■ **What you are asked to do**:
Exclude the pictures, then quote exactly the lines from the one holding "Fireplace Contractors Bentler-Pickford - MI" through the last line of the records.

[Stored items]
↓↓↓

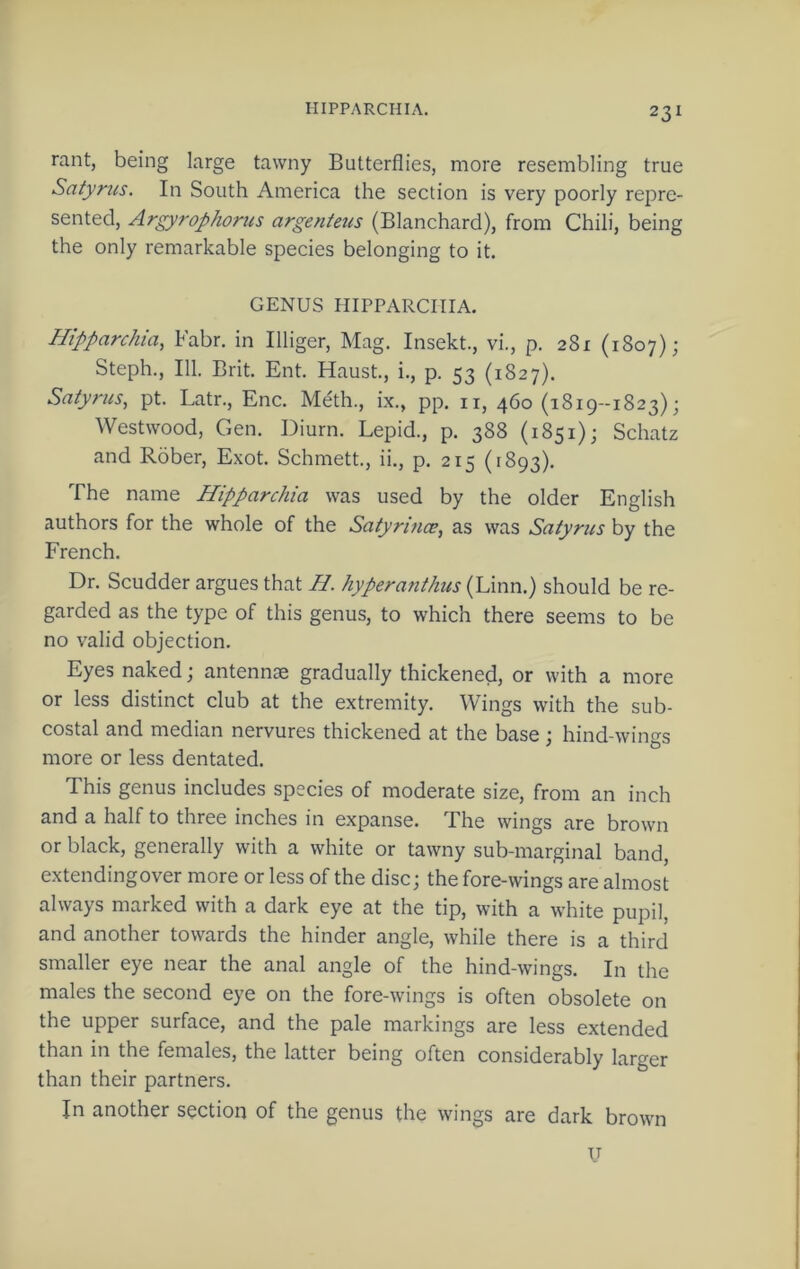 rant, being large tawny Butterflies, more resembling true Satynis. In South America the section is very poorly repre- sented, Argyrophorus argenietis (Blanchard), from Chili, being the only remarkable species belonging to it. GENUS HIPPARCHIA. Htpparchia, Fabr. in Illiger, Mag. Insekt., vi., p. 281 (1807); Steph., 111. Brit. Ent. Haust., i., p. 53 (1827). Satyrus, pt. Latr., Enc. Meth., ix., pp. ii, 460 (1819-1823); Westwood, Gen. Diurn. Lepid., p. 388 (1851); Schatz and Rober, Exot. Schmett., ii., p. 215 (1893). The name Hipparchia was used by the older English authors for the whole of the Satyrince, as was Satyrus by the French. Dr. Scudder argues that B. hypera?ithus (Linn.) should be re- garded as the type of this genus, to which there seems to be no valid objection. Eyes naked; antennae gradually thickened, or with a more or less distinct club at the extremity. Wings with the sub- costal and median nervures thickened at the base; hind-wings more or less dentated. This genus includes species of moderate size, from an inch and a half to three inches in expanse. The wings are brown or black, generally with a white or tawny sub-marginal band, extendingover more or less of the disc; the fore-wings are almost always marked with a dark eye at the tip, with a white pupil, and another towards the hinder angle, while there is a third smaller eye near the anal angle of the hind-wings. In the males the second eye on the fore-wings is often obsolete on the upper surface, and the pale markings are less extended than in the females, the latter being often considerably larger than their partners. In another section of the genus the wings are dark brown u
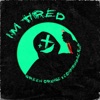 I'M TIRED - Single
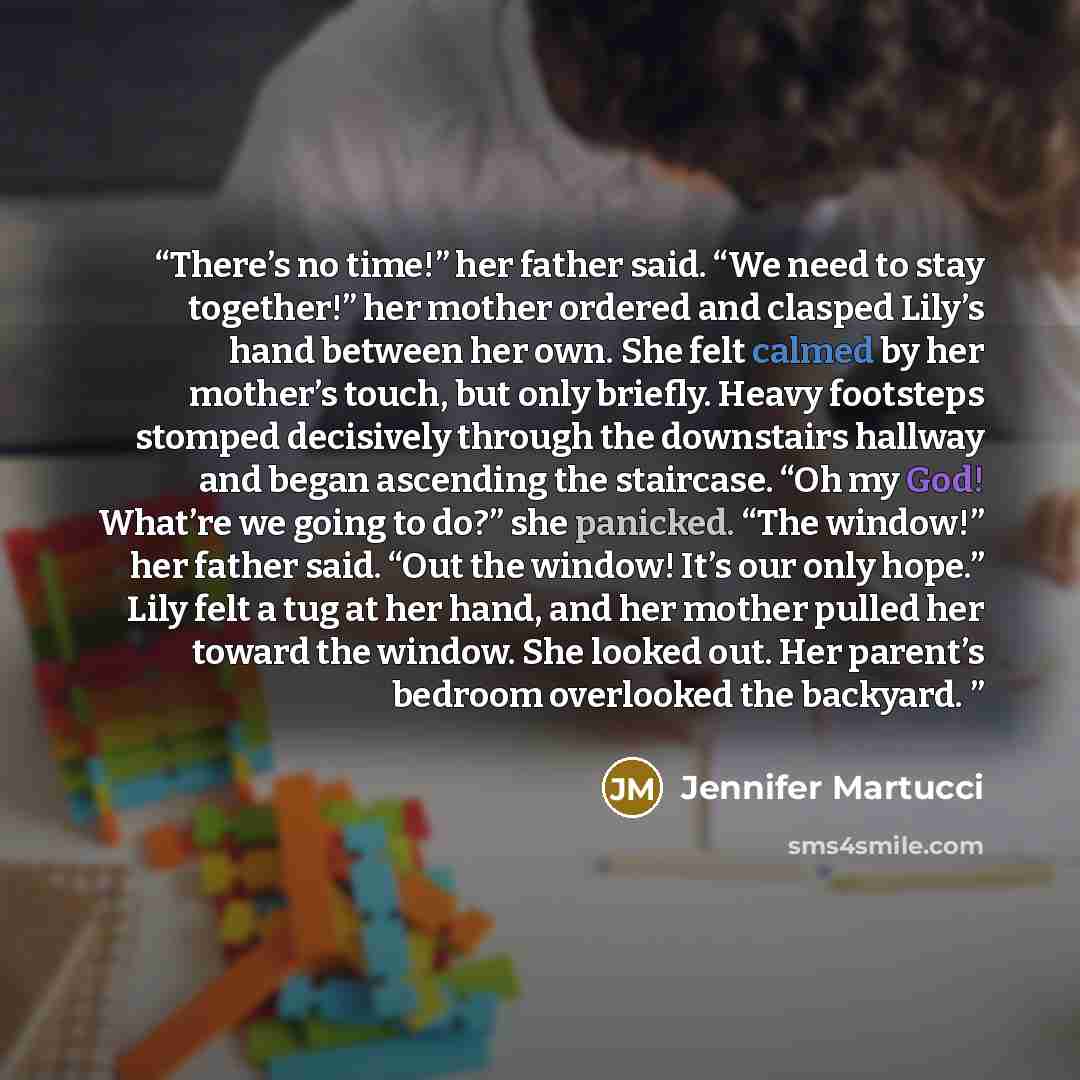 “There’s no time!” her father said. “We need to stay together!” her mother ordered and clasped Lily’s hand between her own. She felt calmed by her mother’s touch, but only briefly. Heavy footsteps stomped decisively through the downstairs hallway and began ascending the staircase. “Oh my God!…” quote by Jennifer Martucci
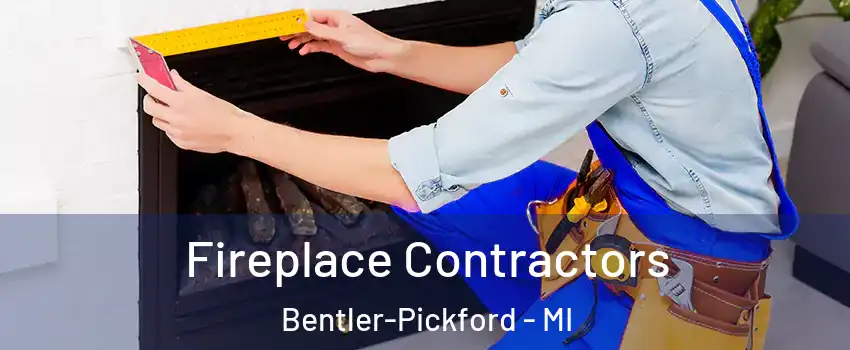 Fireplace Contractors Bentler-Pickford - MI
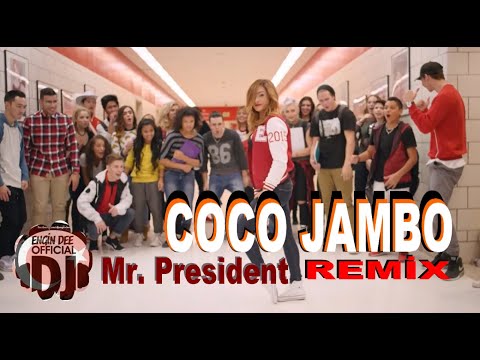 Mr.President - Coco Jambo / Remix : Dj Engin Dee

↑↑↑

■ **Exercise response**:
 Fireplace Contractors Bentler-Pickford - MI
 Mr.President - Coco Jambo / Remix : Dj Engin Dee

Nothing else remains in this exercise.